江戸時代の色鍋島や古伊万里を見てみましても、実は何かを遺そうという気持ちではなく、その時代時代で求められているものをどう造っていくかということの繋がりのように感じます。注文があれば、それによって文様も技術も変わっていくというやり方なのです。結果的にそれが時代に向けた仕事だったと思います。
◆ 現代のデザイン感覚から見ても、色鍋島の文様は、非常に斬新で「現代的」なものを持っていますね。例えば大根を皿いっぱいに描いたり唐草などのアラベスク文様をバランスよく配置したりとか、これは元禄年間に完成する「和様」のデザインとも共通するように思います。
◇ 色鍋島の源流は、中国の明代成化年間の景徳鎮官窯で完成し、清代にも盛んに作られた「闘彩」(とうさい)にあると昔から言われています。
闘彩というのは、青花(染付)で線描きして、上絵で色をつける技法で、気品高い色絵磁器です。その美意識を基として、京都の染織などの文様を参考にしたのではないでしょうか。おそらくその意匠は、当時の京都の文化や工芸品などに詳しいデザイナーが鍋島藩の中にいて、その指示で職人に描かせたものではないかと思っています。
◆ なるほど、そうして完成されていった色鍋島様式というものを、現代の今右衛門窯では当代がアートディレクターとなって、どうアレンジして使っていくかをディレクションされているわけですね。

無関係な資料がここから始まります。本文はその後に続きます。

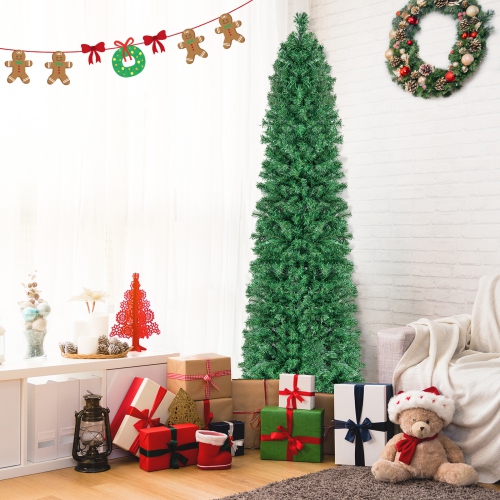 Topbuy 5/6/7/8 FT Fiber Optic Artificial Christmas Tree Prelit Pencil Christmas Tree with 361/517/697/889 Branch Tips Foldable Metal Stand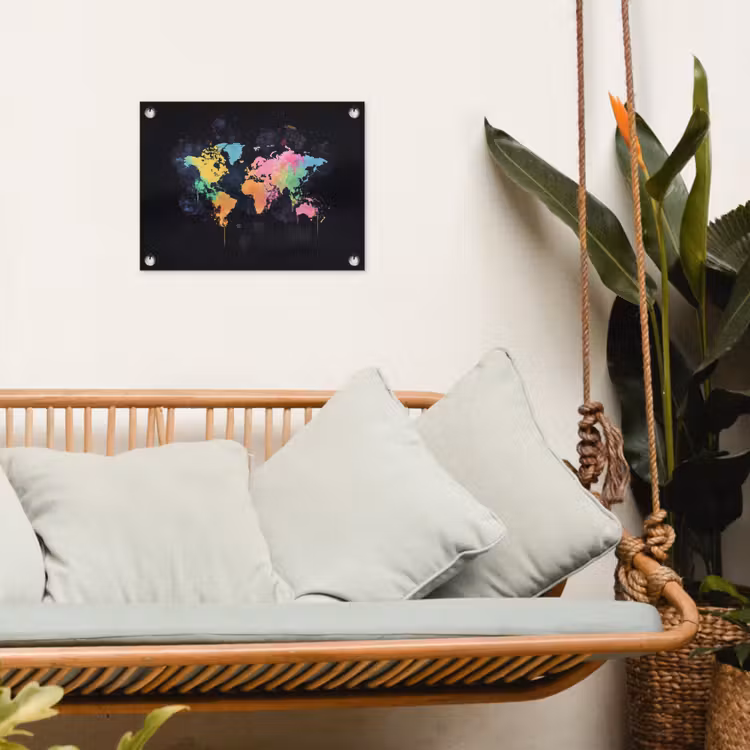 Neon - Pastel - Wereldkaart - Mistig tuinposter los doek klein -sfeer7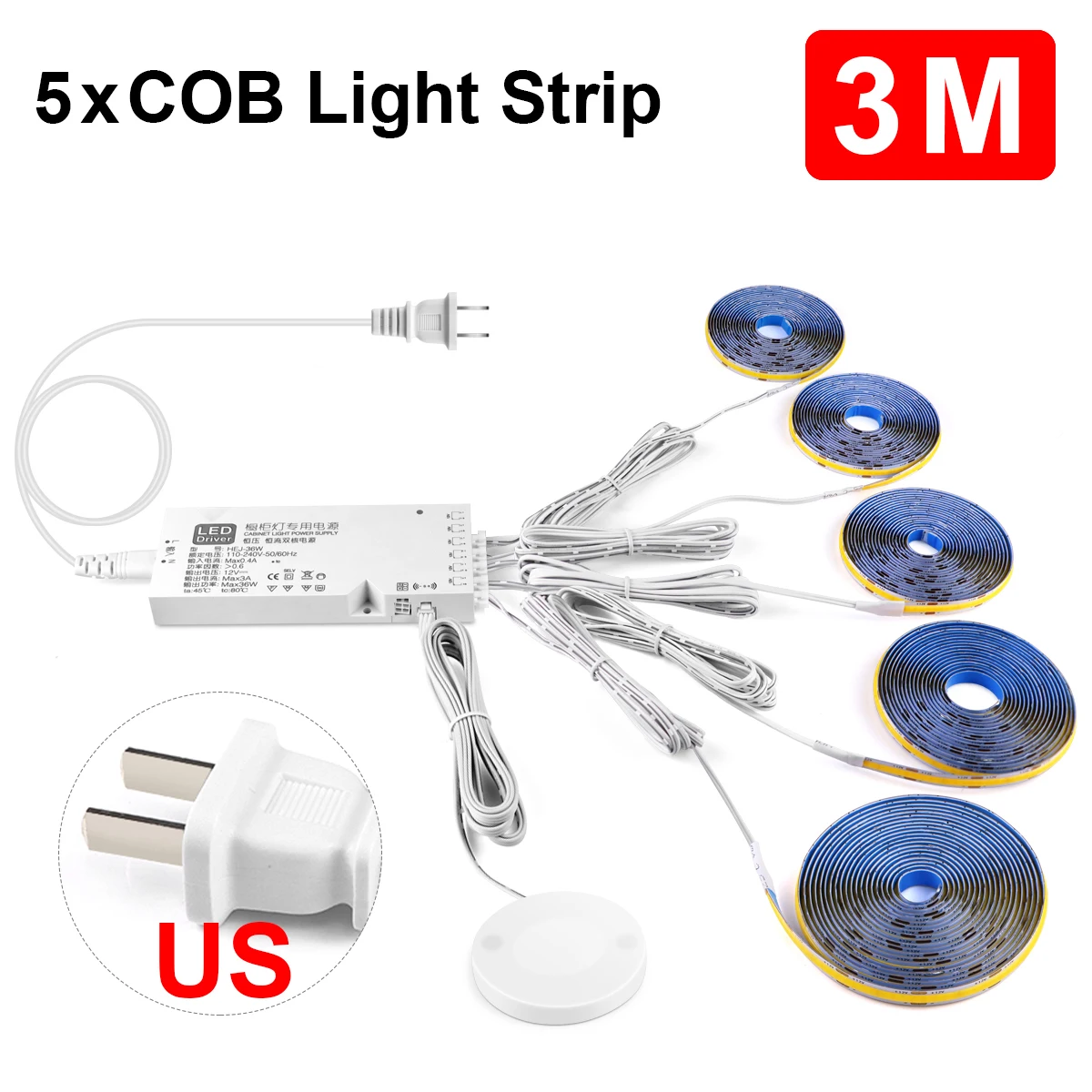 Smart Doordringbare Hout COB LED Strip Touch Sensor Licht 320 Leds/m Warm/Neutraal Wit Parallelle Verlichting Keuken achtergrondverlichting Verlichting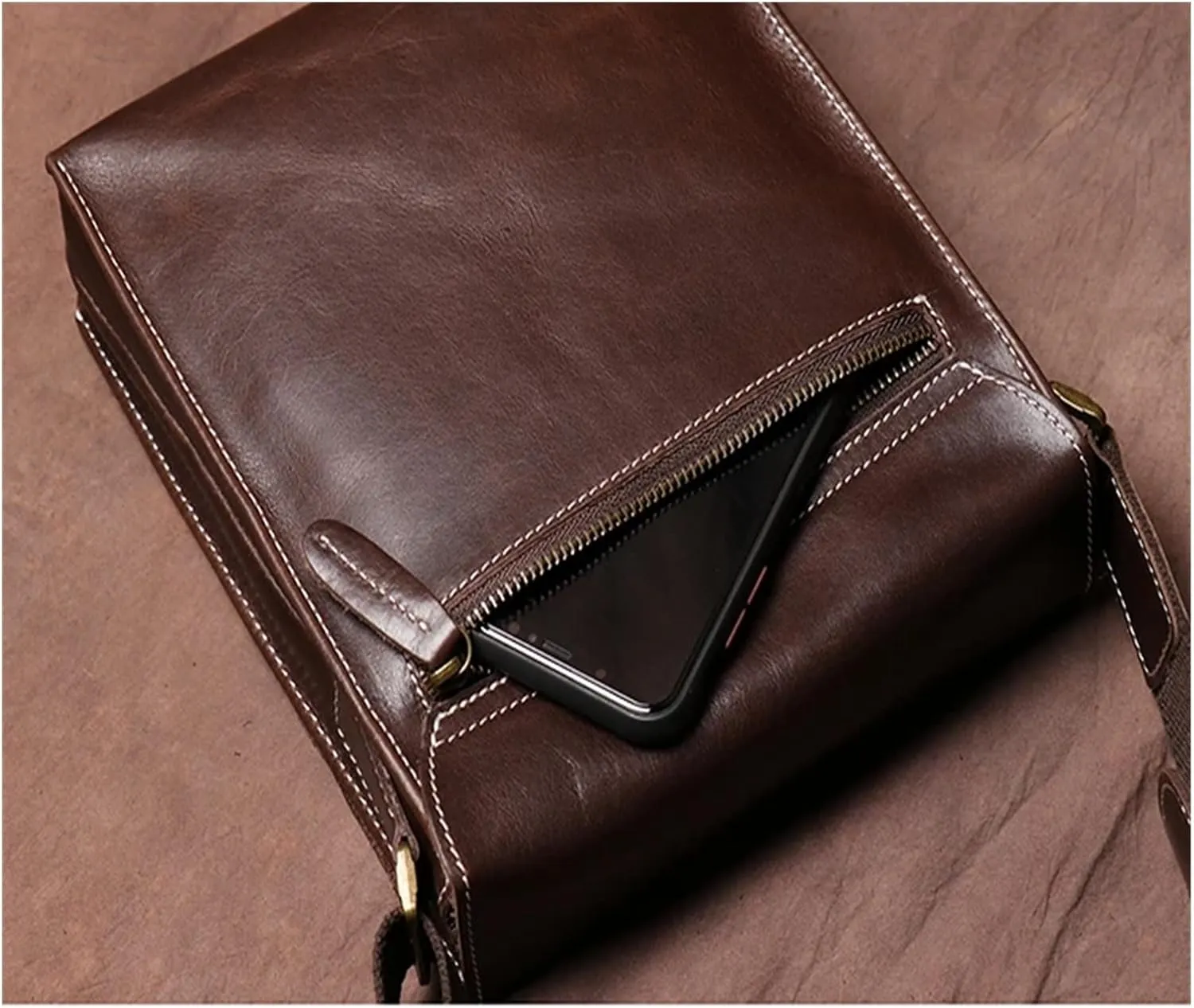 Handmade Leather Crossbody Bag For Men Casual Shoulder Bag Vintage Bag Quality Phone Bag(Brown)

◇ そうです。ただ、絵柄によっては十一代の頃からずっと変わらずに造っている文様もありますし、現在では自分のデザインのものもあります。
◆ 個人の陶芸家が自由に自分の思うままの絵付をするのとは違って、個人作家としての十四代と今右衛門窯の当主という二つの役目を背負っていることは、制作の上で非常に重要な意味を持っているわけですね。
◇ 個人作家の作品と窯元としての作品という区別もありますが、やはり十四代今右衛門として、現代の色鍋島をいかに創り上げるかという、それは色鍋島の継承者であるという意味合いが強いと思います。
色鍋島というと、染付で輪郭線を描いて、それに赤・緑・黄の上絵で色を付けていく、という定番のイメージでよく言われますが、昔のものにも他の色や金彩があったり、無釉や白化粧があったり、青磁や墨はじきも技法もあります。鍋島の世界で、何をしてはいけないということはないのです。間口としては広い世界だと思います。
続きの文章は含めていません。